Yes but Perseus, I understand there were deities and gods that were honoured early on, ie there were all sorts of things to explain stars, natural formations (eg the aboriginal dreaming), the Shinto religion in Japan has all the gods you pray to for prosperity, health etc. Ancient ertility goddesses, totemic-type systems, Hinduism has a bunch of gods and goddesses.

What I'm asking about is the three monotheistic religions, starting with Judaism. Did Judaism evolve or was it just Moses doing his thing and it started from scratch? Obviously in the bible it started from scratch, but realistically, has it been traced in history?

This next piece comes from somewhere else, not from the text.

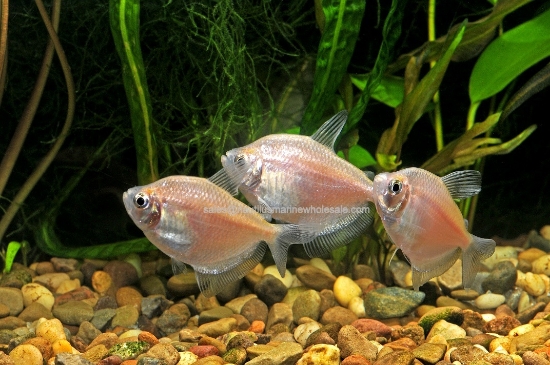 Picture of TETRA: WHITE SKIRT *EDLP SPECIAL*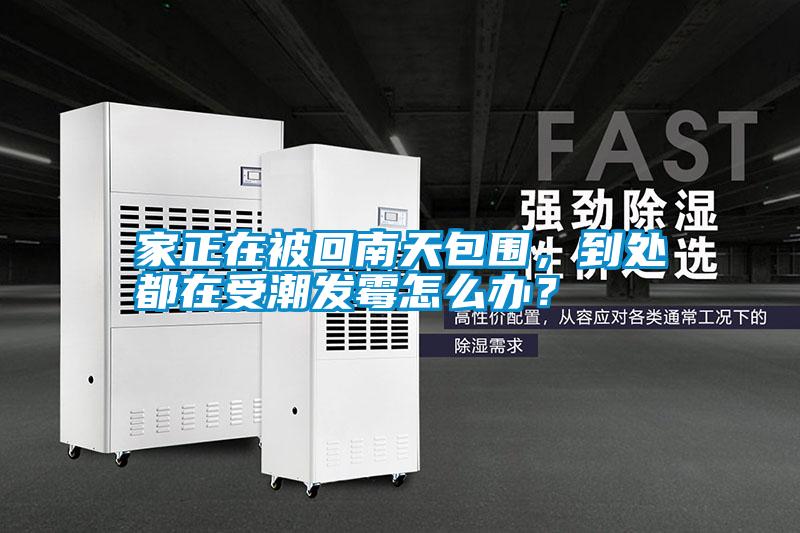 家正在被回南天包圍，到處都在受潮發(fā)霉怎么辦？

Also, you must agree with the controlling nature of religion. Maybe it wasn't invented for that purpose but it certainly is a convenient mechanism is it not? All those three religions can be seen to have major beneficiaries from having millions of believers.

Perseus said...

I would say the church controlled the masses, but that's different to 'religion'.

(PS: I am glad you are still alive.)

Melba said...

Thanks I'm glad I'm still alive too. Apparently Ramon had a close shave the other day as well.